ERMrest: an entity-relationship data storage service for web-based, data-oriented collaboration
This addresses the problem of data integration and sharing for scientists in collaborative research, though it appears incremental as it builds on existing relational and web-based approaches.
The authors tackled the challenge of managing complex, evolving scientific data with relational structures in collaborative environments by introducing ERMrest, a service that enables entity-relationship modeling of metadata via RESTful access, which has been deployed to hundreds of users across multiple projects.
Scientific discovery is increasingly dependent on a scientist's ability to acquire, curate, integrate, analyze, and share large and diverse collections of data. While the details vary from domain to domain, these data often consist of diverse digital assets (e.g. image files, sequence data, or simulation outputs) that are organized with complex relationships and context which may evolve over the course of an investigation. In addition, discovery is often collaborative, such that sharing of the data and its organizational context is highly desirable.
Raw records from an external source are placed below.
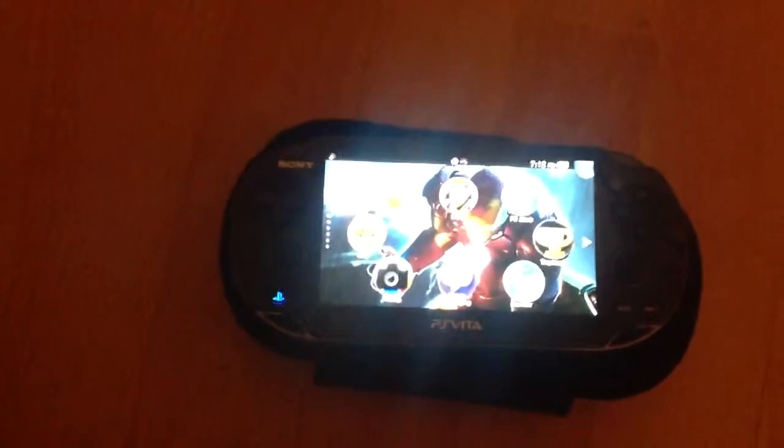Hey guys, ZoomTech here with a video on the PS Vita again. Today I'm going to be showing you how to turn on or turn off your home screen music on your PS Vita.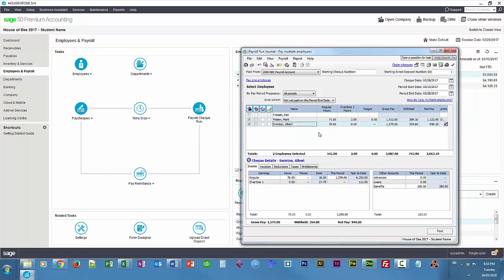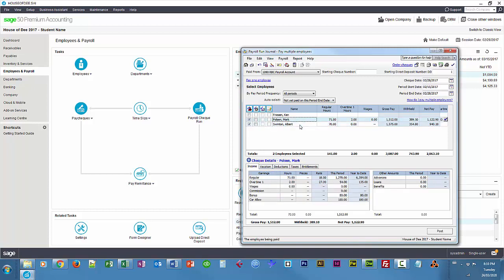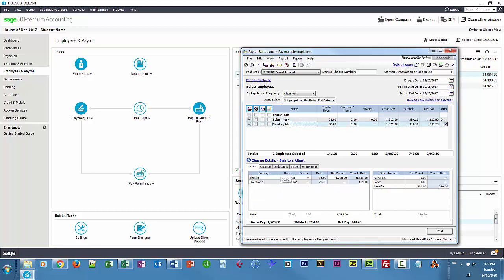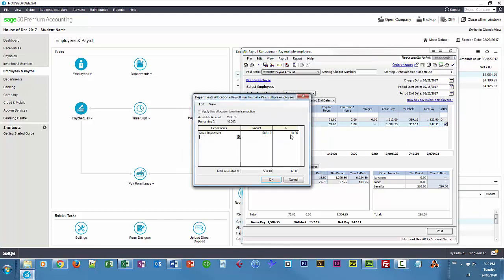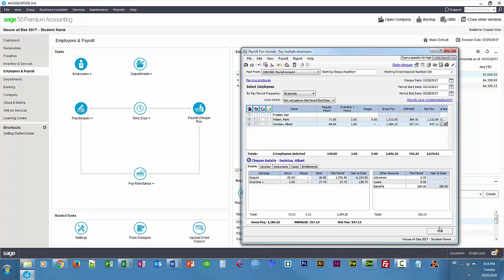For Albert — if I click on him, he's now active down here. To choose each employee, you click on the top half of the dialog and modify at the bottom half. Albert Swinton works 69 hours, one hour overtime, and 60/40 sales and installation. We'll add a starting check number and go ahead and post.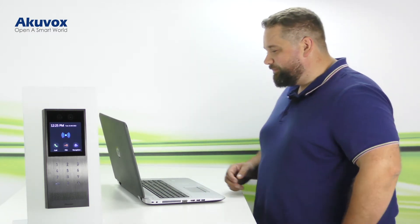Hey, I'm Ryan. Today we're going to set up the DTMF code on the Acuvox X912. Let's jump on it.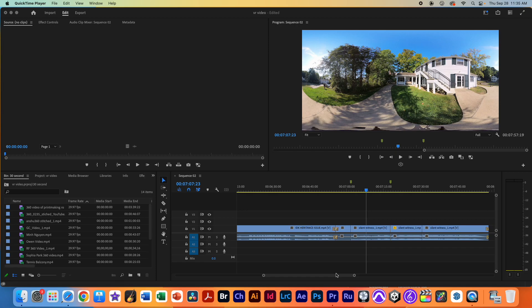Hi guys. So today we're going to talk about how to remove a tripod from a 360 image in Premiere. Let's go ahead and get started.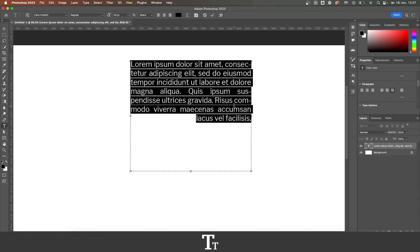So that is the options you have to justify a text in Adobe Photoshop. Thanks so much for watching. Don't forget to subscribe and like the video. I'll see you in the next one.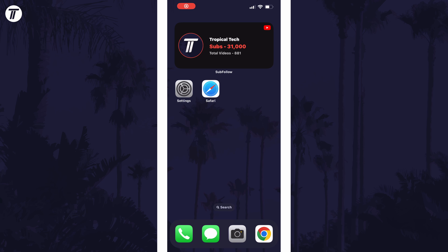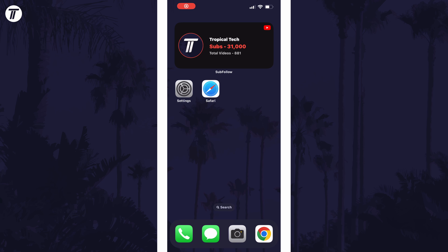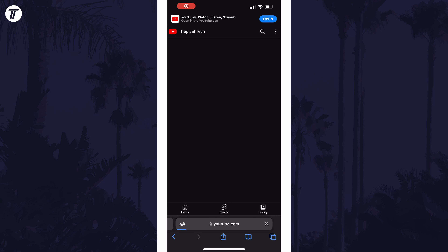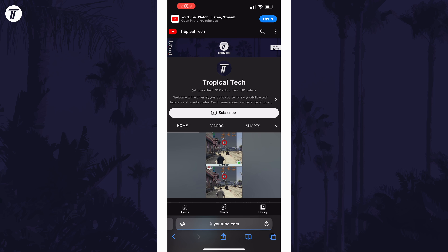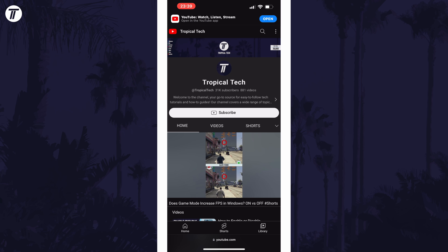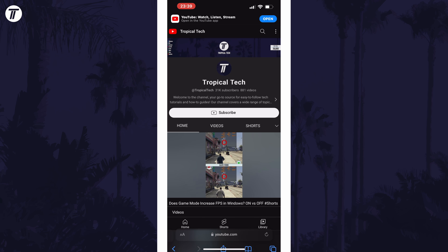To allow microphone access for sites in Safari, open Safari and the page you want to allow the microphone on. Now bring up the toolbar if it isn't already up by tapping at the top or bottom. This depends on your toolbar placement.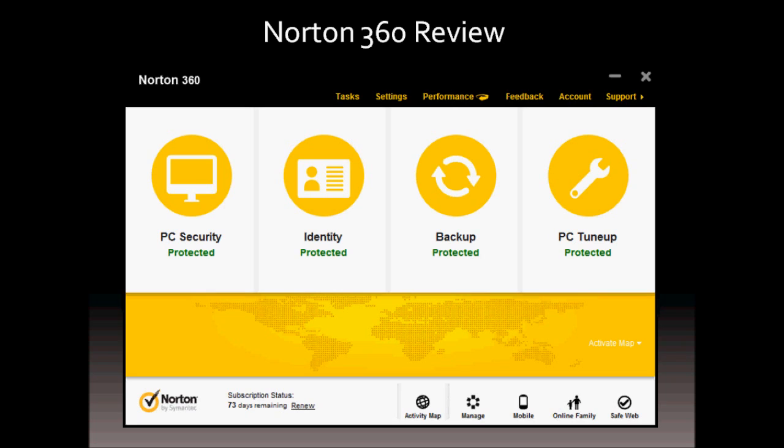Hi guys, this is Anthony Greeno with a review of Norton 360. This is version 6, 2012.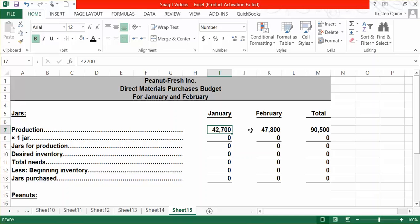We need two different materials — we need jars and we need peanuts. Therefore, we actually have to do two different direct materials budgets. We start with how many units we need to produce: for January, from our production budget, we had to produce 42,700 units, and for February, we had to produce 47,800 units. We then multiply by how much of each direct material we need. For the jars, we only need one to complete our product.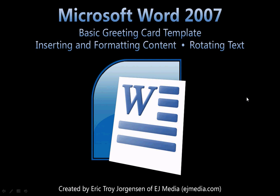Welcome to another Microsoft Word 2007 tutorial. This tutorial I'm going to review a basic greeting card template that I put together and demonstrate inserting and formatting content including rotating text.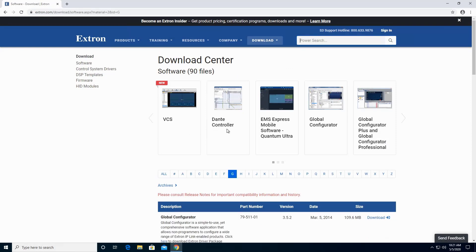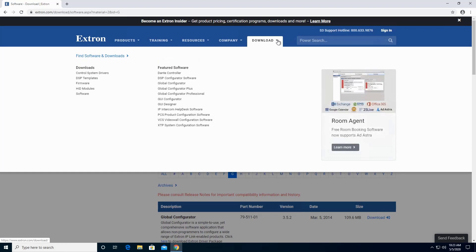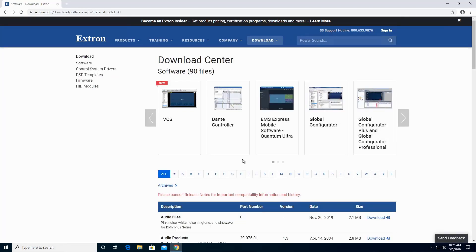You will see the Global Configurator on the recommended list. If you don't see the Global Configurator on the recommended list, then you can either search up the software on the Power Search, which is on the top right next to the Download tab, or clicking on the letter G, then Global Configurator should be the first one on the list.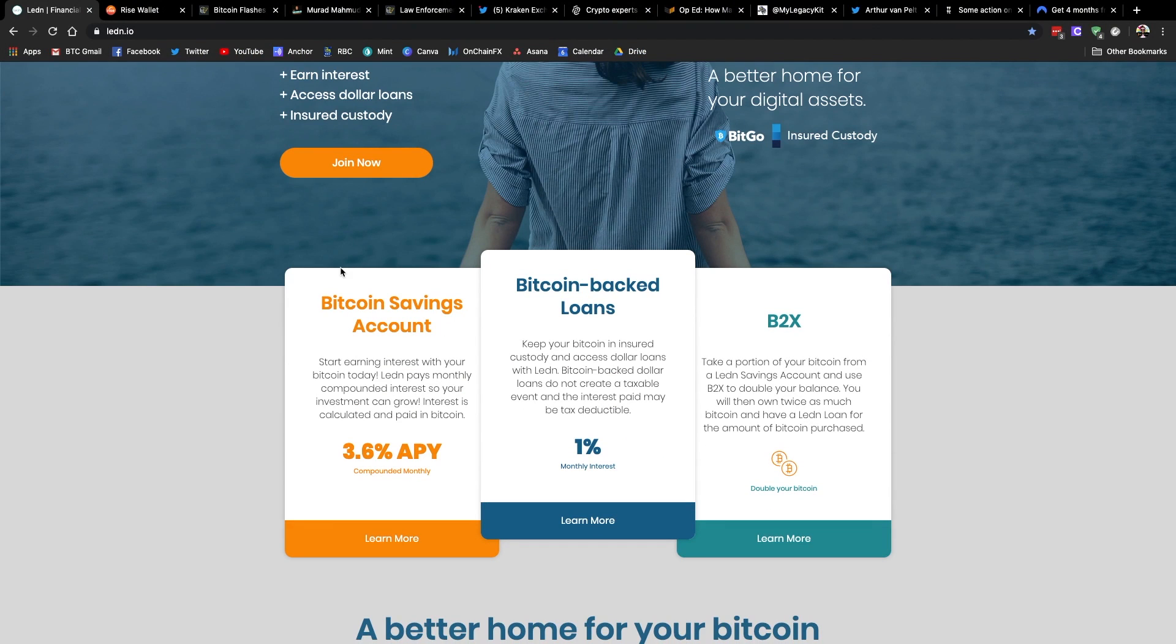Savings account where you can earn interest on your Bitcoin paid in Bitcoin. They've also got Bitcoin backed loans where you use your Bitcoin as collateral to obtain a Canadian or US dollar loan. So maybe you're in a pinch, you need to get your hands on dollars but you don't want to sell your Bitcoin. Well, this could be an option for you.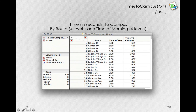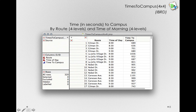For this example, we'll use the times-to-campus dataset, but this time in a 4x4 design. That is, we'll be considering four different routes and four different times of day to see what effects each of our factors have and what potential interaction we can find between route and time of day.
Common systems for managing file or asset metadata hide their inherent relational structures, while traditional relational database systems do not extend to the distributed collaborative environment often seen in scientific investigations. To address these issues, we introduce ERMrest, a collaborative data management service which allows general entity-relationship modeling of metadata manipulated by RESTful access methods. We present the design criteria, architecture, and service implementation, as well as describe an ecosystem of tools and services that we have created to integrate metadata into an end-to-end scientific data life cycle. ERMrest has been deployed to hundreds of users across multiple scientific research communities and projects. We present two representative use cases: an international consortium and an early-phase, multidisciplinary research project.